Ninguém viu (miniconto)



por Rafael Belo

Ninguém caminhava pelas ruas àquela hora da manhã. Talvez pela quantidade de carros, talvez pelo clima deserto, provavelmente por ambos. Por isso, quando aquele casal surgiu anonimamente no próprio estilo de escuridão, poucos motoristas prestaram atenção. Todos temos nossas limitações, nossas escuridões, nossas deficiências, mas quem imagina eliminar quem possui deficiências na sociedade atual? Afinal, não somos tribos... Falando deste jeito... Preciso discordar de mim mesmo. Somos tribos e cada vez mais de uma pessoa só.

Algumas pessoas se rendem a escuridão em si e se satisfazem apagando as luzes do mundo. Àquele casal era cego... Andava perigosamente na rua ignorando a cegueira de quem enxerga. Mas, os dois pressentiam uma mudança brusca na já adaptável vida deles. Há quem acredite em intuição e há quem a tenha. Os sentidos de quem é privado de um são altamente apurados para compensar e o ser humano pode ser incrível e terrível. Naquela manhã, ambas as faces da humanidade se chocaram.

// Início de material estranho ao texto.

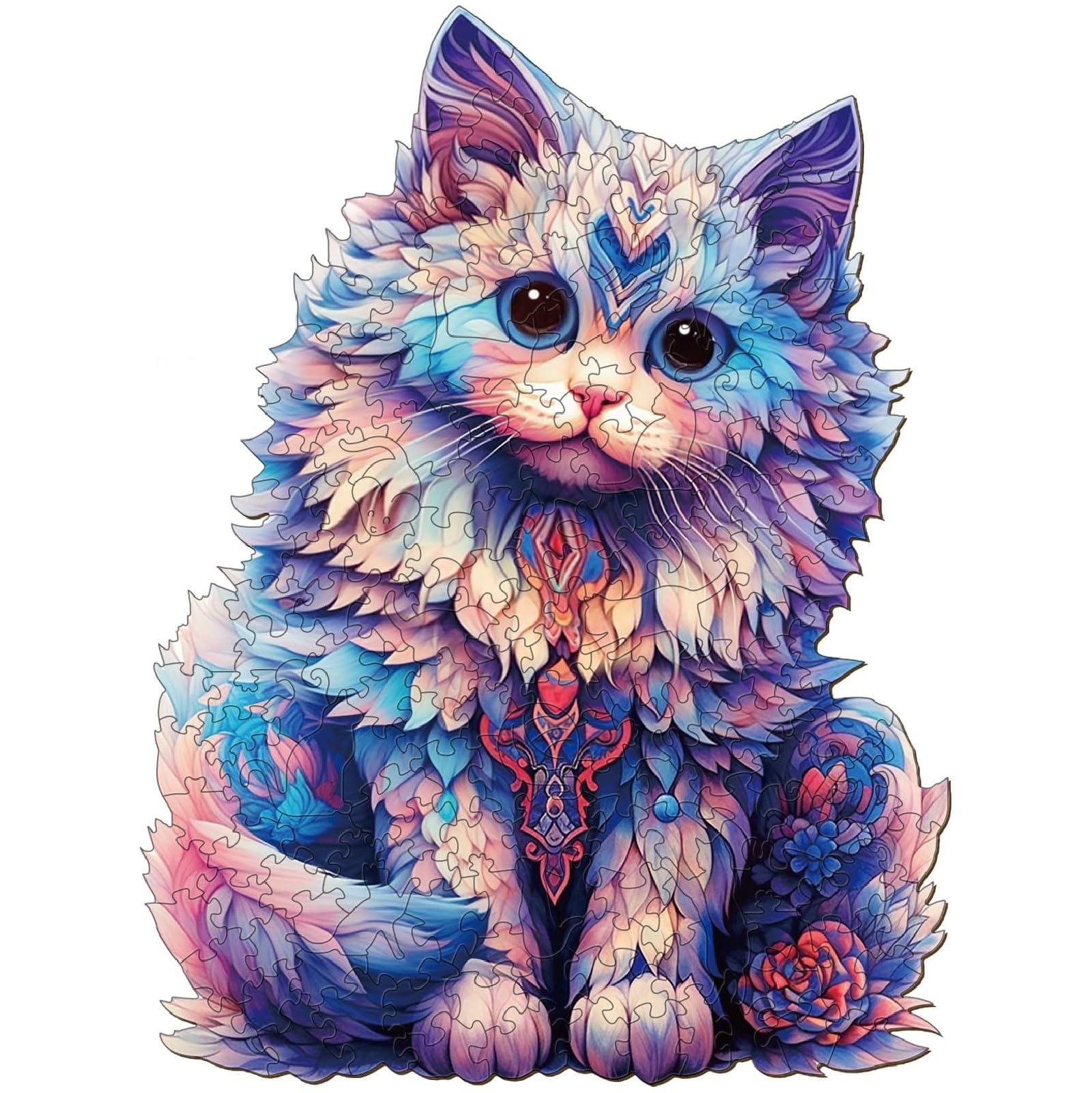 Aeekdook Wooden Puzzles for mature-themeds - Ragdoll Cat Puzzle Wood Puzzles mature-themed - Wooden Jigsaw Puzzles Unique Animal Shape Relax Puzzles (M - 8.6 * 11.4in-200pcs)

Foi um choque capaz de tremer por dentro quem estava próximo. Mas, na pressa poucos prestaram atenção realmente. A reação era robótica, totalmente mecânica e distante: mais um acidente? Espero que ninguém tenha se ferido. Segue em frente... Mas, sim. Houve feridos. Havia uma detestável pessoa responsável pela morte de tantas pessoas com alguma deficiência física. Elas eram consideradas desaparecidas porque esta escuridão ambulante “dava um jeito” nos corpos. Quando ela viu o casal no meio fio, por falta de calçada, andando confiante e tão amoroso com as bengalas – apesar de todos os pesares – ele simplesmente acelerou e viu a imagem dos dois aumentar, aumentar, aumentando, então, o impacto e o vazio.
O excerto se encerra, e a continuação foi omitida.